* [EXERCISE INPUTS]
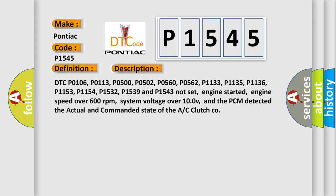Engine started, engine speed over 600 revolutions per minute, system voltage over 10V, and the PCM detected the actual and commanded state of the AC clutch code.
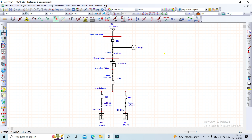Good day everyone and welcome back. This session is Part 2 of our protection relay coordination study using ETAP software. The difference from Part 1 is that Part 1 focused only on the medium voltage system, whereas Part 2 includes a low voltage system — so it's a mix of medium voltage and low voltage systems.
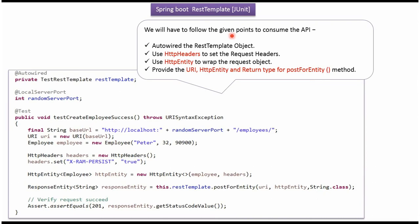To consume RESTful web services we follow four steps. Step one: auto-wire the RestTemplate object. Step two: use HttpHeaders to set the request headers. Step three: use HttpEntity to wrap the request object. Step four: provide the URI, HttpEntity, and the return type for the postForEntity method.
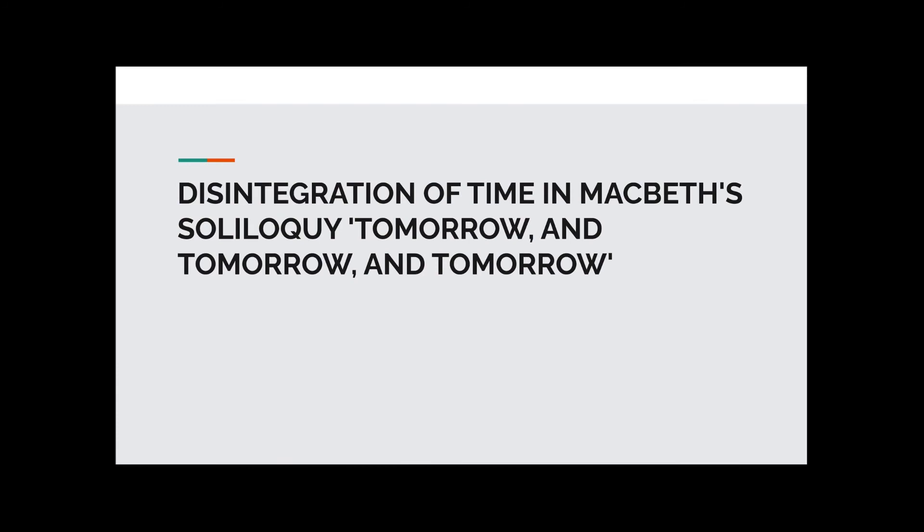Hi everyone, welcome back to More English with Dry. Today we are going to take a look at Macbeth and his soliloquy Tomorrow and Tomorrow and Tomorrow in Act 5, Scene 5.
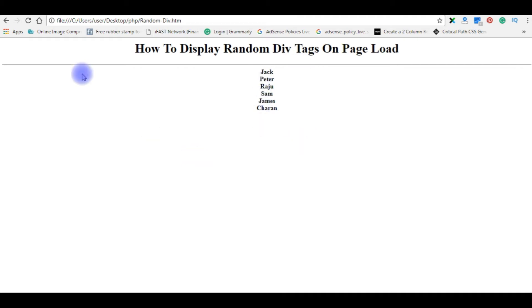Now my aim is when I refresh the page, instead of displaying all the names, I want to display only one name randomly.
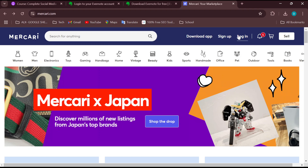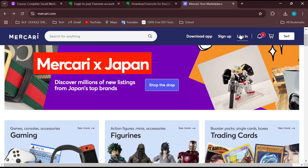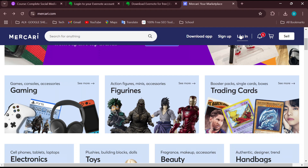Once you're signed in, by the top right side of the screen, instead of the options 'Sign Up' or 'Login', you'll see your profile icon. Click on your profile icon, and in the dropdown menu that appears, ensure you select Settings.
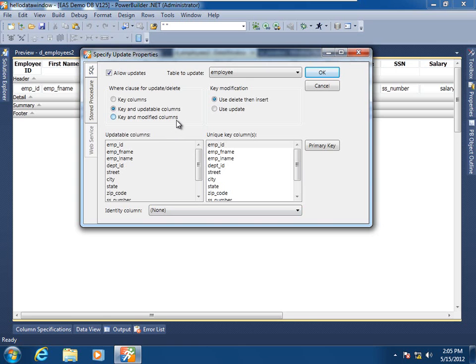And here is your opportunity to designate to what degree you wish to pursue optimistic concurrency — the data window at runtime will create the update and delete statements from scratch for you by tracking the users' and your scripted modifications. You can designate whether it's just the key columns that will be part of the WHERE clause defining the original row to be updated, whether it's going to be the key and just the modified columns, or indeed the key and all the updatable columns.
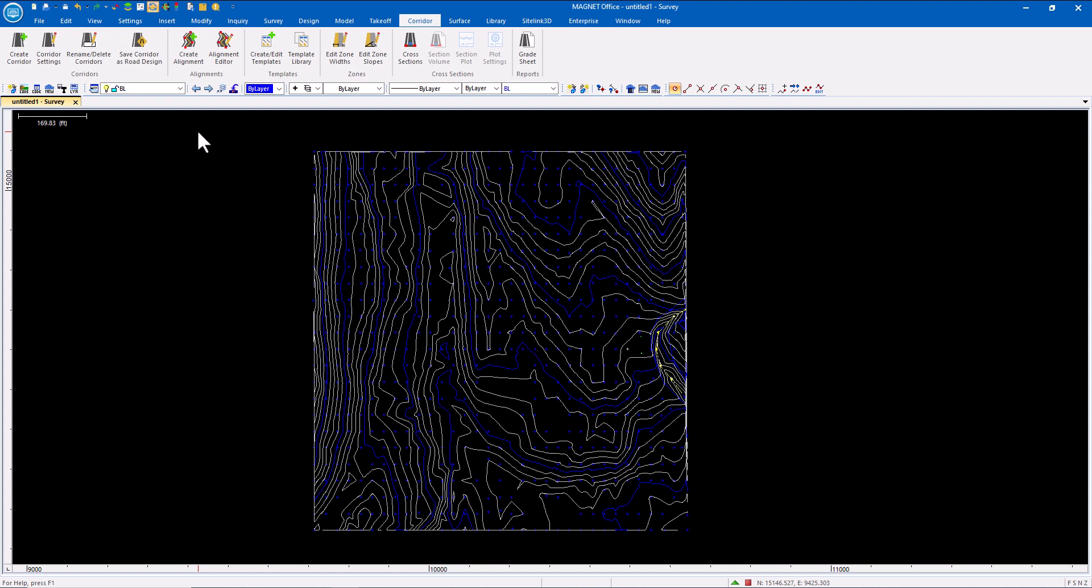I'm commonly asked about roads inside of MagnetOffice. MagnetOffice has the ability to import road data from third-party software.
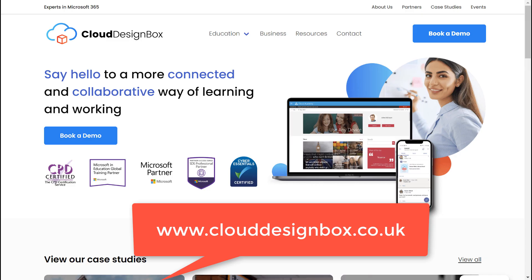I hope you found that useful. If you're interested in any of the Cloud Design Box solutions, please visit our website www.clouddesignbox.co.uk.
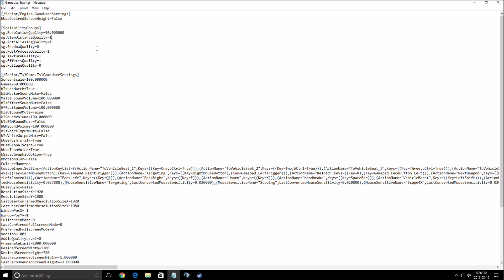Here is really important. View distance, anti-aliasing, post processing, texture quality, effect. Just put one. And remove the shadow and foliage. When I say remove, it's not necessarily removed because zero in the game equals very low. But just to put shadow and foliage at zero, you will gain 7 to 11 FPS depending on your computer.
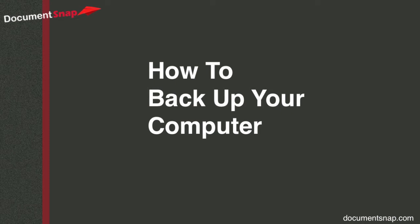Hey there, it's Brooks here from DocumentsNap.com and today we're going to be talking about a really important topic, how to back up your computer.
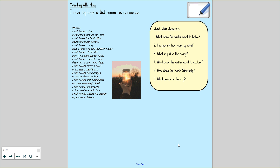I wish I were a river meandering through the veils. I wish I were the North Star navigating rough oceans. I wish I were a diary filled with secrets and honest thoughts. I wish I were a fresh idea born from a methodical mind. I wish I were a parent's pride, despaired through tears of joy. I wish I could caress a cloud as it kisses a sapphire sky. I wish I could ride a dragon across sun-kissed valleys. I wish I could bottle happiness and quench misery's thirsts. I wish I knew the answers to the questions that I face. I wish I could explore my dreams, my journeys of desire.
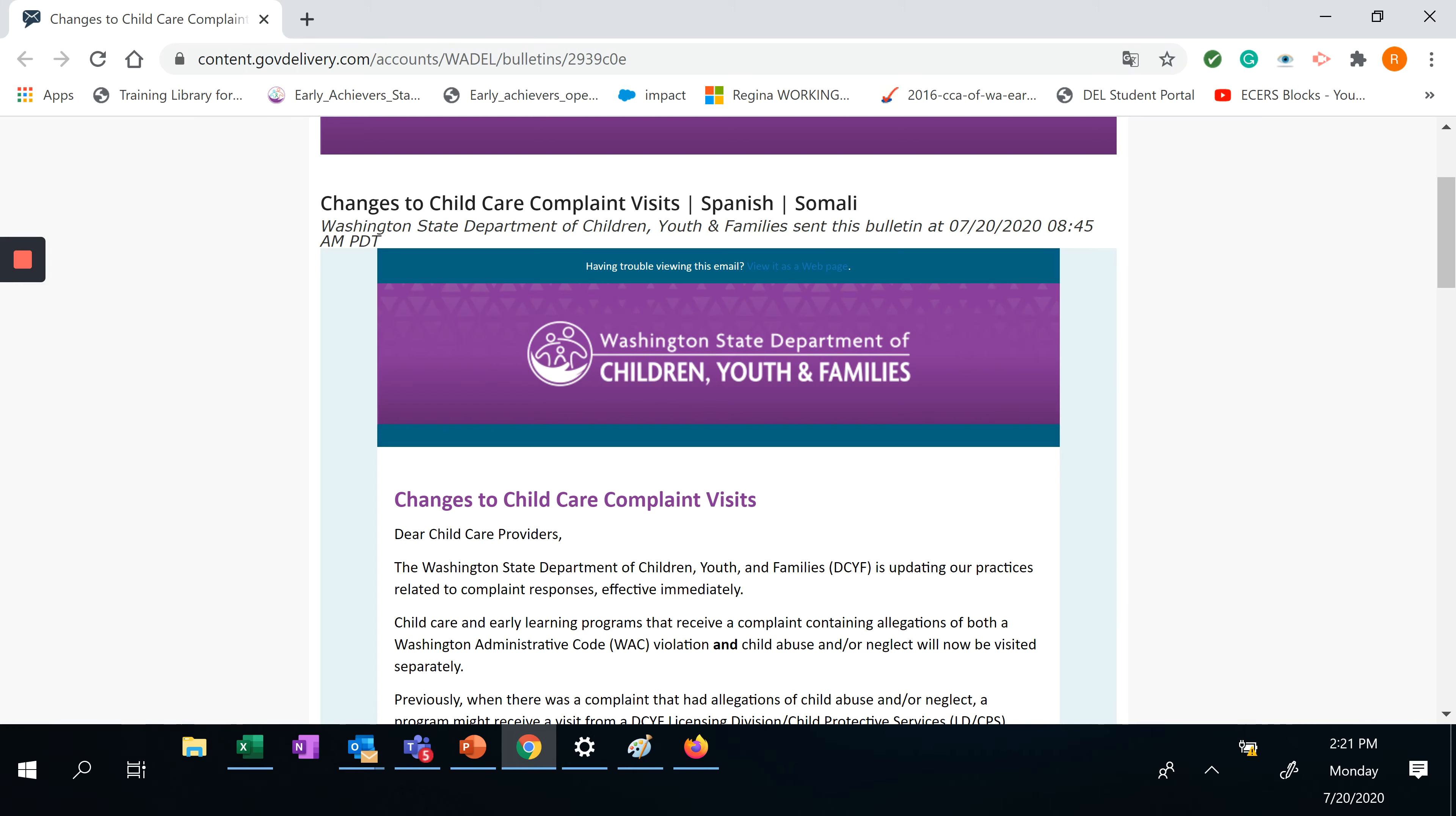Hello, my name is Regina Pittman. I am with Child Care Resources. Today is Monday, July 20th, 2020.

* [TASK DIRECTIONS]
Reproduce each entry precisely, dropping only the pictures.

* [SOLUTION]
Engine started, engine speed over 600 revolutions per minute, system voltage over 10V, and the PCM detected the actual and commanded state of the AC clutch code.
Good day everyone and welcome back. This session is Part 2 of our protection relay coordination study using ETAP software. The difference from Part 1 is that Part 1 focused only on the medium voltage system, whereas Part 2 includes a low voltage system — so it's a mix of medium voltage and low voltage systems.
To consume RESTful web services we follow four steps. Step one: auto-wire the RestTemplate object. Step two: use HttpHeaders to set the request headers. Step three: use HttpEntity to wrap the request object. Step four: provide the URI, HttpEntity, and the return type for the postForEntity method.
Hi everyone, welcome back to More English with Dry. Today we are going to take a look at Macbeth and his soliloquy Tomorrow and Tomorrow and Tomorrow in Act 5, Scene 5.
Now my aim is when I refresh the page, instead of displaying all the names, I want to display only one name randomly.
Once you're signed in, by the top right side of the screen, instead of the options 'Sign Up' or 'Login', you'll see your profile icon. Click on your profile icon, and in the dropdown menu that appears, ensure you select Settings.
And here is your opportunity to designate to what degree you wish to pursue optimistic concurrency — the data window at runtime will create the update and delete statements from scratch for you by tracking the users' and your scripted modifications. You can designate whether it's just the key columns that will be part of the WHERE clause defining the original row to be updated, whether it's going to be the key and just the modified columns, or indeed the key and all the updatable columns.
I'm commonly asked about roads inside of MagnetOffice. MagnetOffice has the ability to import road data from third-party software.
I hope you found that useful. If you're interested in any of the Cloud Design Box solutions, please visit our website www.clouddesignbox.co.uk.
Here is really important. View distance, anti-aliasing, post processing, texture quality, effect. Just put one. And remove the shadow and foliage. When I say remove, it's not necessarily removed because zero in the game equals very low. But just to put shadow and foliage at zero, you will gain 7 to 11 FPS depending on your computer.
Hey there, it's Brooks here from DocumentsNap.com and today we're going to be talking about a really important topic, how to back up your computer.
I wish I were a river meandering through the veils. I wish I were the North Star navigating rough oceans. I wish I were a diary filled with secrets and honest thoughts. I wish I were a fresh idea born from a methodical mind. I wish I were a parent's pride, despaired through tears of joy. I wish I could caress a cloud as it kisses a sapphire sky. I wish I could ride a dragon across sun-kissed valleys. I wish I could bottle happiness and quench misery's thirsts. I wish I knew the answers to the questions that I face. I wish I could explore my dreams, my journeys of desire.
Hello, my name is Regina Pittman. I am with Child Care Resources. Today is Monday, July 20th, 2020.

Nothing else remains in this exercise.